Project description:In addition to the intrinsic toxicity associated with the chemical composition of nanoparticles (NP) and their ligands, biofunctionalized NP can perturb specific cellular processes through NP-cell interactions and induce programmed cell death (apoptosis). In the case of the epidermal growth factor (EGF), nanoconjugation has been shown to enhance the apoptotic efficacy of the ligand, but the critical aspects of the underlying mechanism and its dependence on the NP morphology remain unclear. In this manuscript we characterize the apoptotic efficacy of nanoconjugated EGF as a function of NP size (with sphere diameters in the range 20-80 nm), aspect ratio (A.R., in the range of 4.5 to 8.6), and EGF surface loading in EGFR overexpressing MDA-MB-468 cells. We demonstrate a significant size and morphology dependence in this relatively narrow parameter space with spherical NP with a diameter of approx. 80 nm being much more efficient in inducing apoptosis than smaller spherical NP or rod-shaped NP with comparable EGF loading. The nanoconjugated EGF is found to trigger an EGFR-dependent increase in cytoplasmic reactive oxygen species (ROS) levels but no indications of increased mitochondrial ROS levels or mitochondrial membrane damage are detected at early time points of the apoptosis induction.
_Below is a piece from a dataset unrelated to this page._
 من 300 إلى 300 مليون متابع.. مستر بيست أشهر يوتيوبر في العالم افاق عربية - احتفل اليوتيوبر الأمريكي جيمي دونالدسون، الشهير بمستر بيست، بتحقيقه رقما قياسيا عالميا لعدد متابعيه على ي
The increase in cytoplasmic ROS is accompanied by a perturbation of the intracellular glutathione homeostasis, which represents an important check-point for NP-EGF mediated apoptosis. Abrogation of the oxidative stress through the inhibition of EGFR signaling by the EGFR inhibitor AG1478 or addition of antioxidants N-acetyl cysteine (NAC) or tempol, but not trolox, successfully suppressed the apoptotic effect of nanoconjugated EGF. A model to account for the observed morphology dependence of EGF nanoconjugation enhanced apoptosis and the underlying NP-cell interactions is discussed.